9 Replies Latest reply on Dec 9, 2005 6:45 PM by Scott Stark

    JBAS-2539 Deadlock in accessing DistributedReplicantManagerI

    Brian Stansberry Master

      Discussion of http://jira.jboss.com/jira/browse/JBAS-2539

      An example of a deadlock this recently contributed to:

      User simultaneously redeploys an ear on both nodes of a 2 node cluster. EAR contains a service that functions like the HASingletonDepoyer -- deploys packages in a folder when it's node is the master.

      1) Node A is undeploying the EAR, sends a message to Node B telling it that the deployer service is removed.
      2) Node B has already redeployed the service and is busy deploying other packages in the EAR.
      3) Node B receive's A's removal message on the JGroups message handler thread and notifies the HASingletonController for its copy of the deployer service. The controller decides the local service is master. It begins deploying packages.
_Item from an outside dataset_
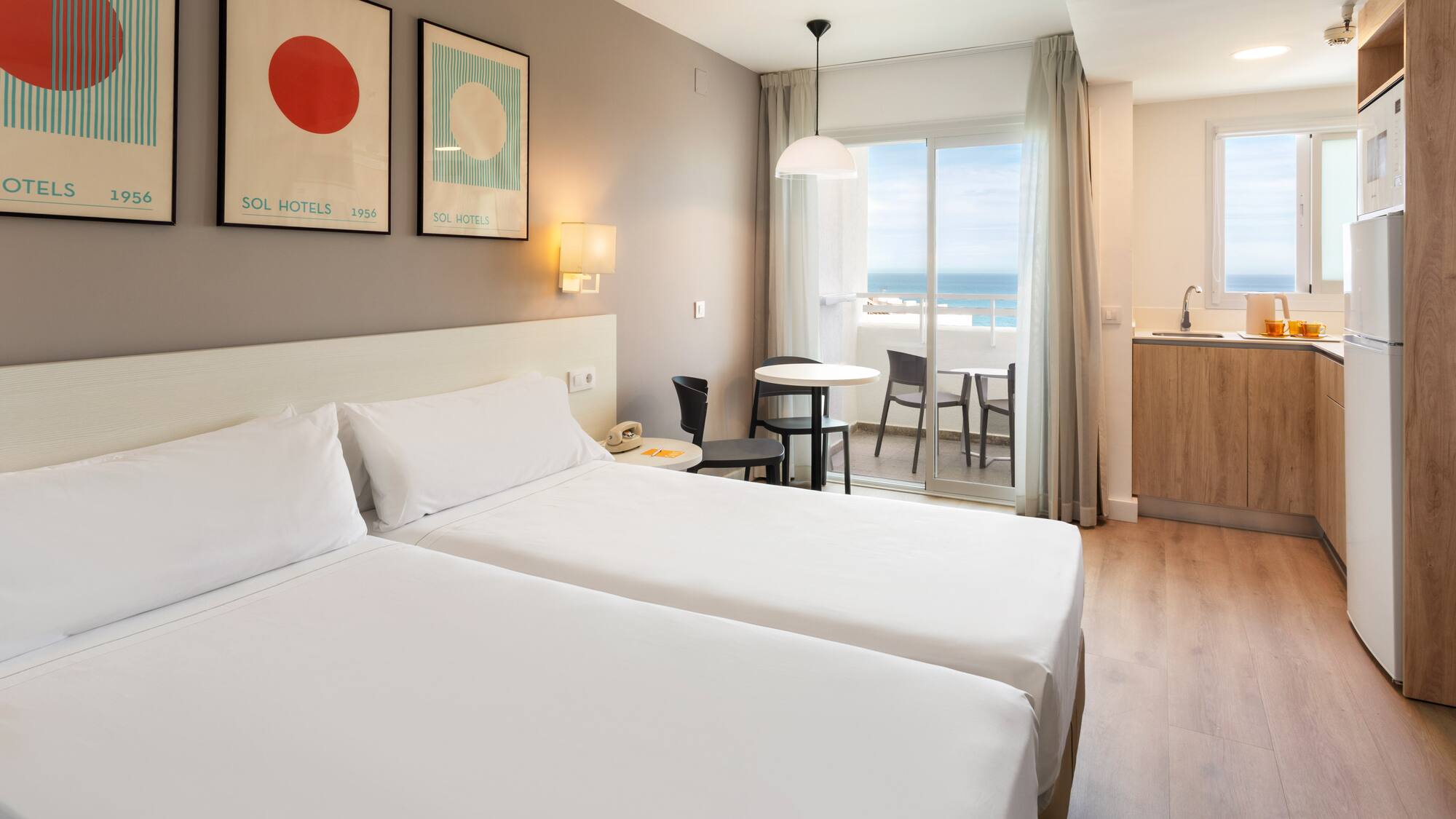 Hotel room with twin beds, kitchenette, and ocean view balcony.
Within the sync block in notifyKeyListeners().
      4) Now there are two threads on B simultaneously doing deployments -- the regular scanner thread, and the message handler thread from JGroups.
      5) org.jboss.system.ServiceController prevents concurrent threads doing deployments, so the JGroups thread blocks until the normal deployments are done.
      6) Normal deployments can't finish because they can't register themselves with DRM as listeners, because the JGroups thread holds the monitor on the collection. Deadlock.
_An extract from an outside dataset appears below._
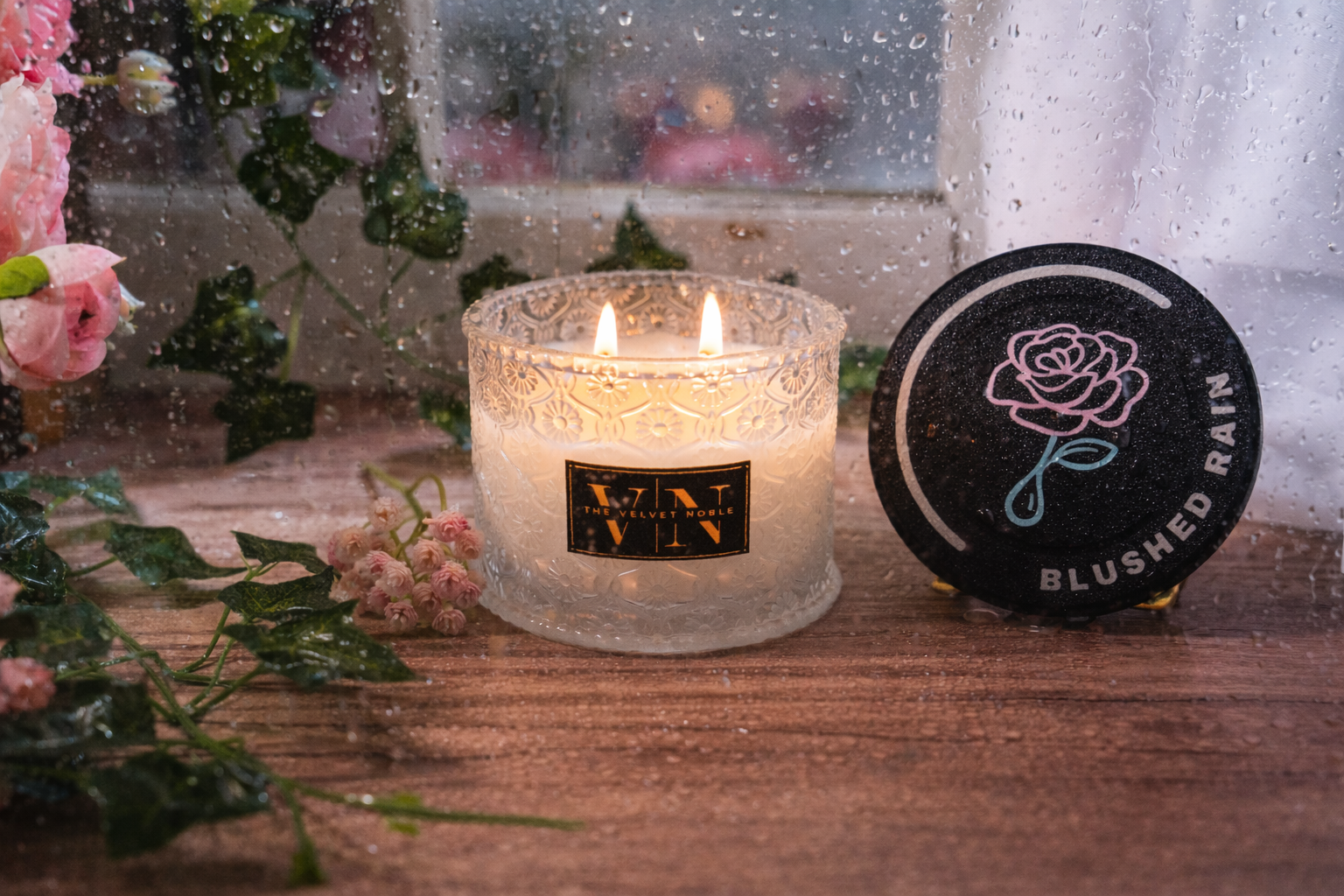A blushed rain candle lit on a wet wooden surface with flowers and greenery. The frame is wet with water droplets.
      I propose to attack this in 2 stages. As I commented in the JIRA issue, the synchronization in notifyKeyListeners is both serializing the use of the method and coordinating the access to the listener collection. So...

      1) Change the way the use of the method is serialized by making the method synchronized or blocking on a mutex. The entire method is basically inside the sync block anyway. Of course add a fat comment. Then synchronize on the listener collection only long enough to copy out a list of callees.

      2) At some later point, determine if the calls to the method need to be serialized. If not, remove that synchronization.

      The first fix will help with the *exact* issue detailed above, although I would expect their code would deadlock at some future point as well.